It was so warm this morning that I was able to sit on the bench on the village side of Dunrobin Castle for a good half-hour, just watching the sea and the birds and exchanging comments about the weather with the occasional passer-by, every one of them accompanied by a dog or two - and thinking that the beach is like a no-man's land, the area between the wildlife's territory out to sea and on the rocks and our territory on the land.
Only the occasional oystercatcher ventured into no-man's land, walking along the sandy beach to probe for shellfish and worms, accepting that, every now and then, a human with a cockapoo or some such would come along the beach and chase them away, at which point they would retreat to the rocky point in the left distance where....

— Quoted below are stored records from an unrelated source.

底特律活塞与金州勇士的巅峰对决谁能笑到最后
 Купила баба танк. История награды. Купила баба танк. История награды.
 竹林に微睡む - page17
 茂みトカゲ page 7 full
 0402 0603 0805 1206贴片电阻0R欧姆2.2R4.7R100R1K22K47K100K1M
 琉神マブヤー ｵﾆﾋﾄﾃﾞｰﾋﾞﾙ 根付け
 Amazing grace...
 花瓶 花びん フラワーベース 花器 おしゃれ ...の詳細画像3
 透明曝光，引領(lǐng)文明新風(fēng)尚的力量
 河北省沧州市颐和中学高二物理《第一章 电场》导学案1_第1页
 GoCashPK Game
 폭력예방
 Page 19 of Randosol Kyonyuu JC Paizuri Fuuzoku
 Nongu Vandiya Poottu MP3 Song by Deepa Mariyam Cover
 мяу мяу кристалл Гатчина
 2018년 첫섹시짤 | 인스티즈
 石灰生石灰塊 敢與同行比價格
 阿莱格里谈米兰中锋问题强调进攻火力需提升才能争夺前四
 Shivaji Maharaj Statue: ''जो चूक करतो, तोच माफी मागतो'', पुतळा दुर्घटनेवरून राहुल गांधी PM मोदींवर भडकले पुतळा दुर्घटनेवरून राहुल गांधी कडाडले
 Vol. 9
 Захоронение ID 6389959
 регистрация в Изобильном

....the resident birds feel safe as no human, or dog, in their right mind would scramble across the wickedly slippery, seaweed-covered rocks to reach them. So today 'their' territory was occupied by the usual dozen-or-so cormorants, two grey herons, four black backed gulls and a handful of common gulls, a changeable population of oystercatchers and curlews, and a small flock of eider, some of them preening themselves out on the rocks. There was a conspicuous absentee, the redshanks, which seem to have completely disappeared.I suppose that is how it is now with our wildlife. We have taken possession of most of the available space, the better space, and altered it to our needs, while they have to make do with what's left, either the places we can't reach or the places for which we have no use.